Beyond Christmas: How other religions celebrate the winter solstice

We all know about Christmas, Hanukkah and even Yule, but there are some holidays many of us in America have never even heard of, so here are how seven other religions celebrate the most wonderful season of all. 

Soyal-Soyal is a holiday that starts Dec. 21, the shortest day of the year. It is celebrated by the Hopi and Zuni tribes. The main point of the holiday is to arouse the sun from its winter slumber. It is the start of another year on the wheel of the year and is a time of purification. Prayer sticks called paphos are made before the ceremony begins and are used to cleanse the home, the spirit, crops and livestock. Then Kivas or sacred underground chambers are opened to mark the beginning of the Kachina season. At this time kachina dolls are carved to look like guiding spirits/gods and are given to those who will look over and care for them, usually mothers and older female family members.

Yalda-Yalda or shab-e yalda is a Persian festival celebrating the winter solstice. The holiday is from Iran, and it marks the last day of the Persian month of Azar. It is seen in the traditional sense as the winning of light over darkness. It is also the birthday of the sun god Mirtha. Families come together and celebrate with a special meal usually made up of nuts and pomegranates. Some people even made a family tradition of staying up all night to welcome the morning sun. It is also celebrated on the 21st of December. 

Inti Raymi-Inti Raymi is an Incan holiday celebrating the Peru winter solstice. This means that it is actually celebrated in July because that is when it’s winter for them. It is in honor of the sun god and was celebrated before the Spanish banned it. Thankfully they have reclaimed their religion and once again celebrate it, but now with mock sacrifices.

Saturnalia-Saturnalia was the Roman version of Yule, a day where everyone worshipped and partied, and even slaves were treated as equals. It lasted several days, and during those 12 days, feasts, games and gift exchanges were held all over the country, all in the name of the gods. 

Midwinter-Midwinter isn’t a religious holiday but rather a new one made for scientists in Antarctica. Midwinter is a celebration where those stationed in Antarctic research stations celebrate the fact that they are still alive. Usually with movies, a large meal and some games and special films, sometimes even handmade gifts for each other.

St.Lucia’s Day-St.Lucia’s Day is a Scandinavian holiday celebrating St.Lucia. It is a light festival meant to honor the Christmas martyr St.Lucia. She became a martyr because when she was a young girl she would bring persecuted Christians in Rome food. The day is celebrated with young girls wearing white dresses with red sashes and crowns of evergreen and candles, usually electric ones for small children, but real ones for older women aged 12 and up. Like here, they leave treats for her and for her donkey, sandwiches.
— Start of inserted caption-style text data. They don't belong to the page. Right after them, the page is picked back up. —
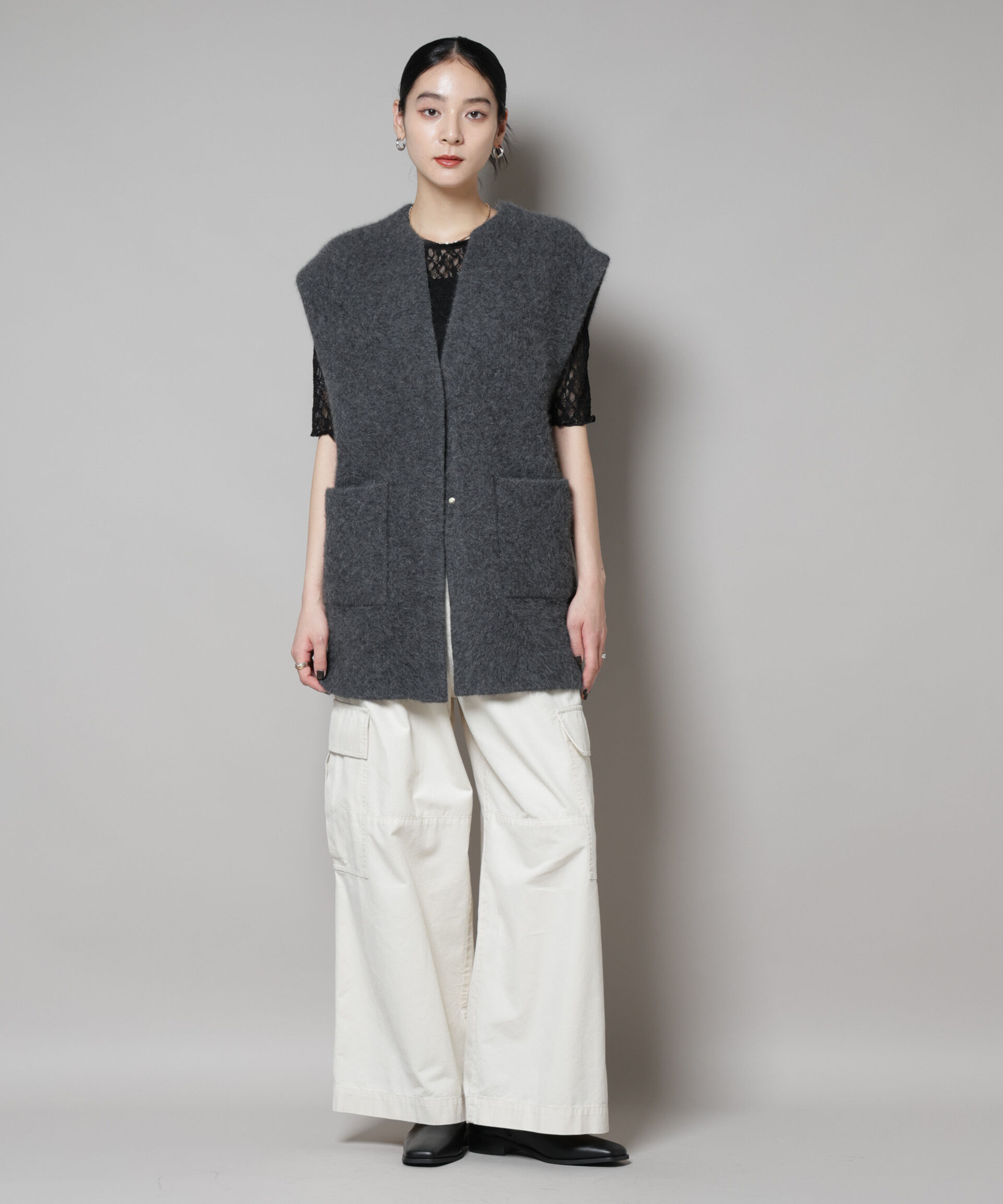 nano･universe「ウォッシャブルフォックスリバーニットジレ」|ニット・セーター|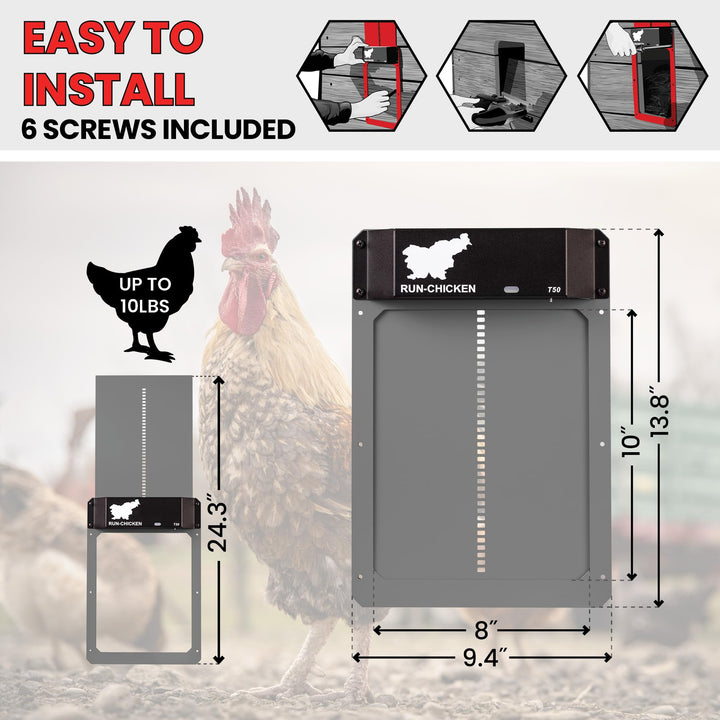 Door Automatic Chicken Coop Door Opener with Timer, Programmable Light Sensor, Battery Powered, Evening and Morning Delay, Aluminum , Model T50, (Gray)
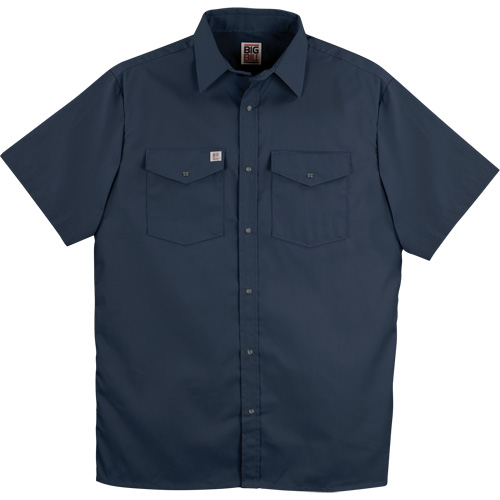 Twill Short-Sleeved Work Shirt with Snap, Men's, Small, Navy Blue Planification Entrepots Molloy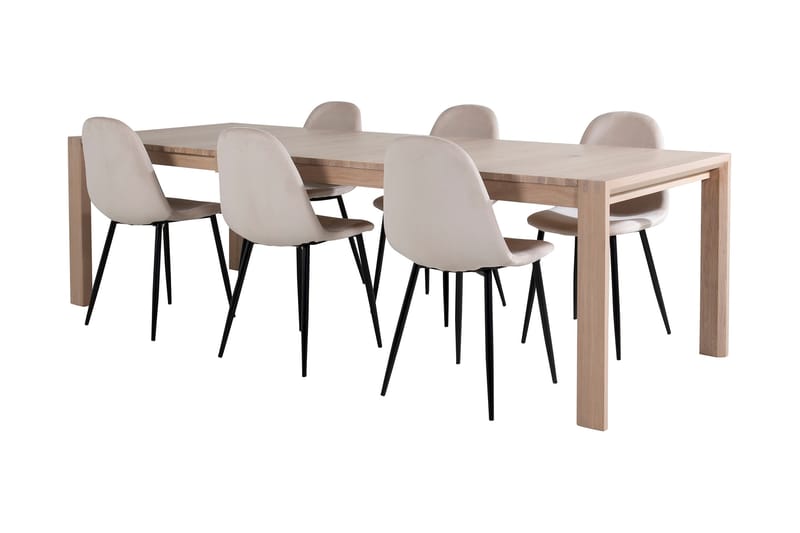 Spisegruppe Algarmejo Forlengningsbar 170cm inkl. 6 Pontus S - Hvit/Svart/Beige - Møbler - Bord - Spisegrupper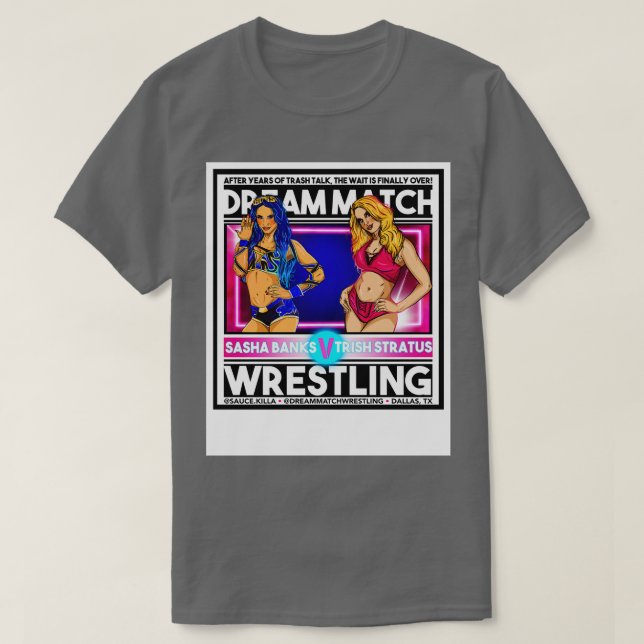 Sasha Banker mot Trish Stratus T Shirt (Design framsida)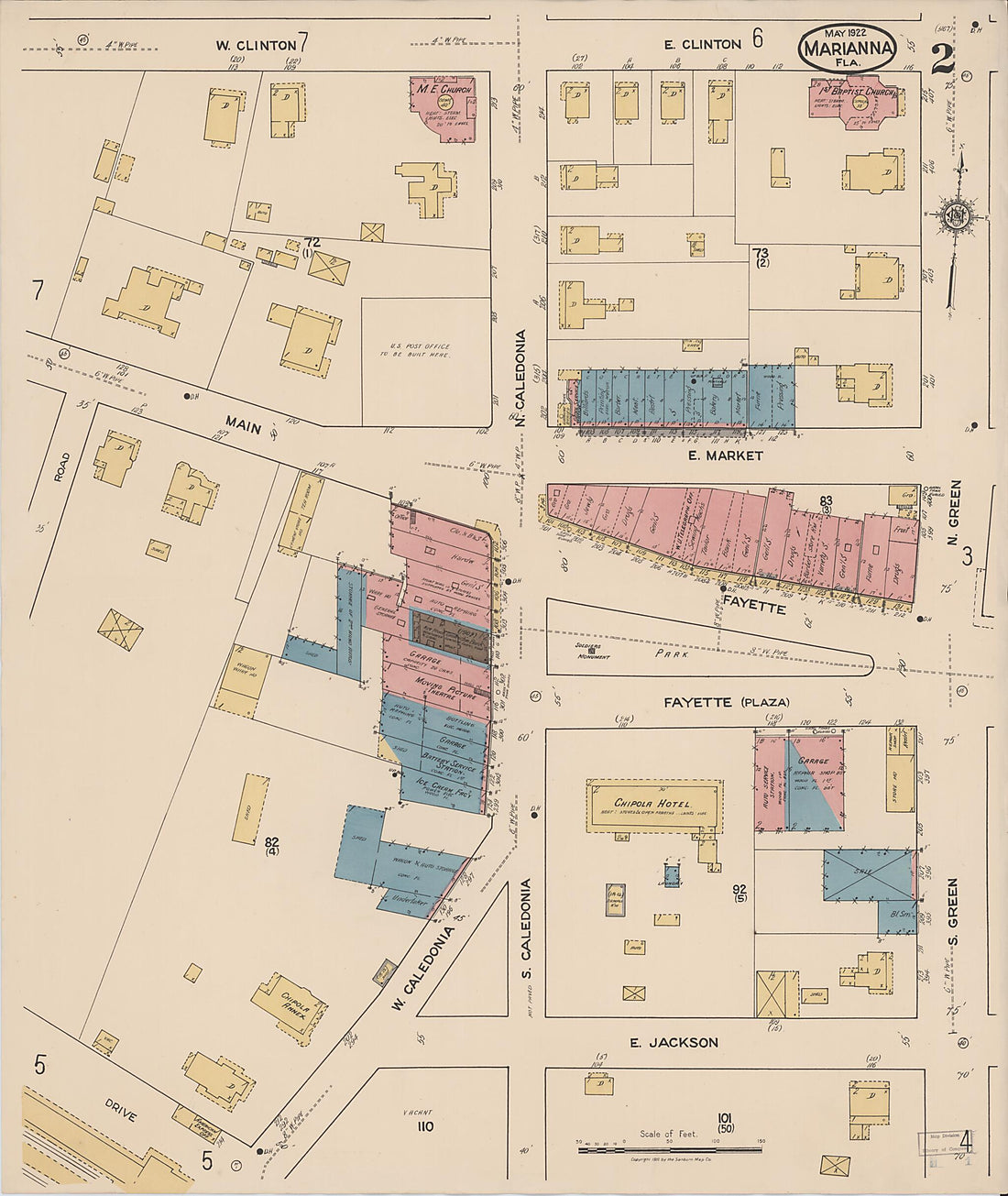 This old map of Marianna, Jackson County, Florida was created by Sanborn Map Company in 1922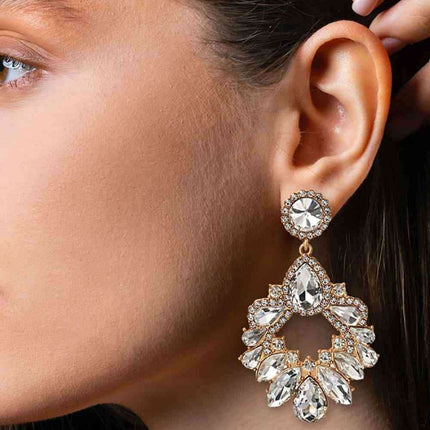 Elegant Glass Stone Drop Earrings for Timeless Style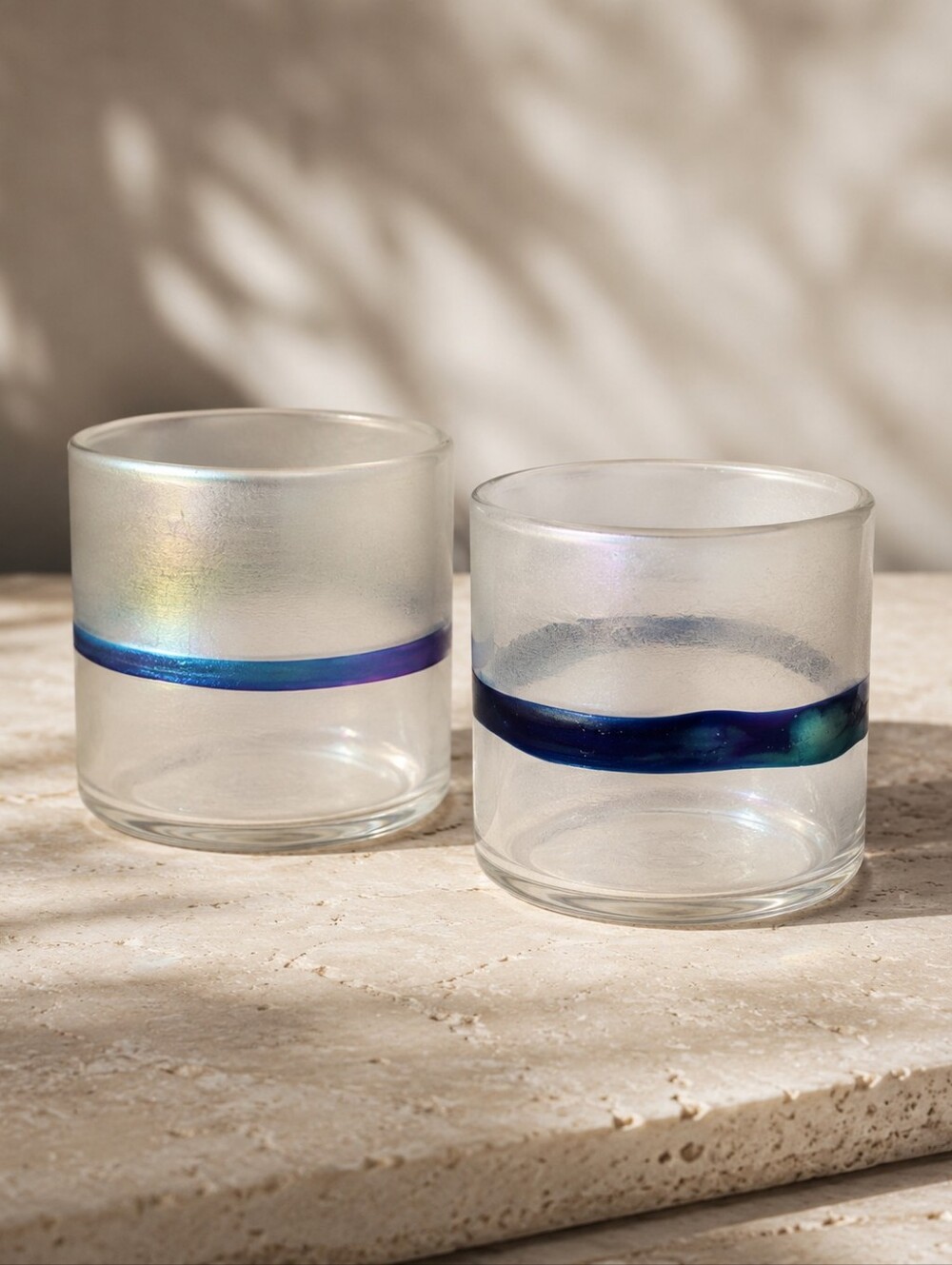 Vintage Robert Held Iridescent Wrap Art Glass Tumblers Pair Canada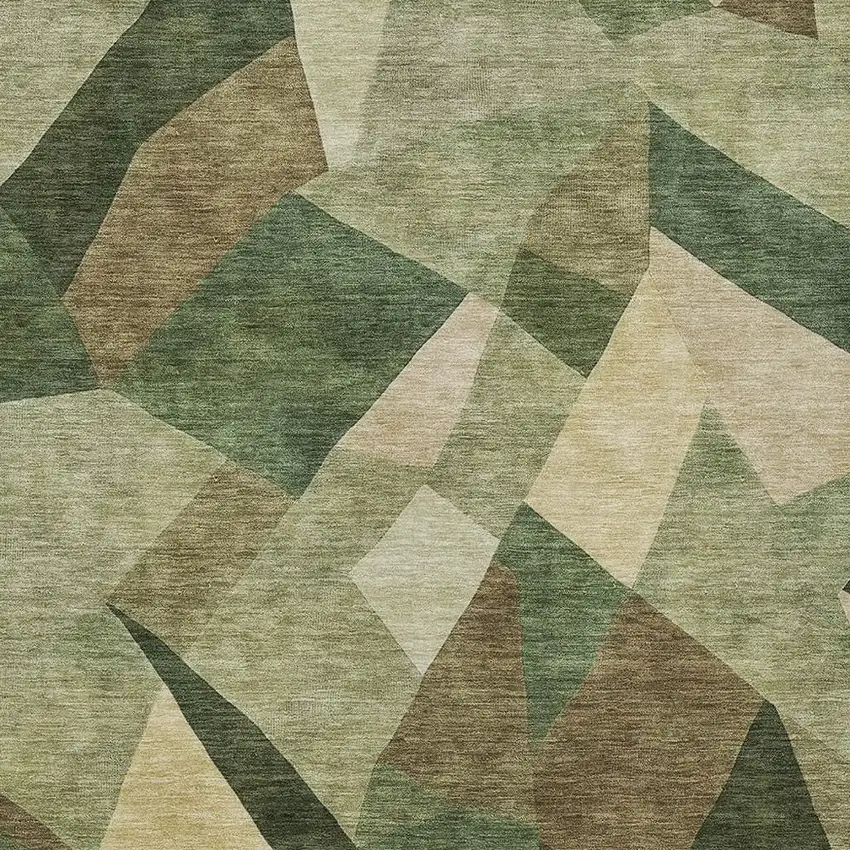 Green And Beige Abstract Washable Indoor Outdoor Area Rug Photo 2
DongZhi-DongZhi is a Chinese festival taking place between the 21st and 23rd of December. Similar to the Dia de Las Muertos celebration, DongZhi in northern China was a day that historically was celebrated going to the tomb of family members and cleaning the tomb, offering food and drink to the ancestors and helping to maintain the tomb. Then they would gather and eat hearty, fatty foods that help stave off hunger, disease and help them stay warm. 

All of these holidays are an important part of cultures many of us think have either died or are dying, but they are as alive as Christmas is here.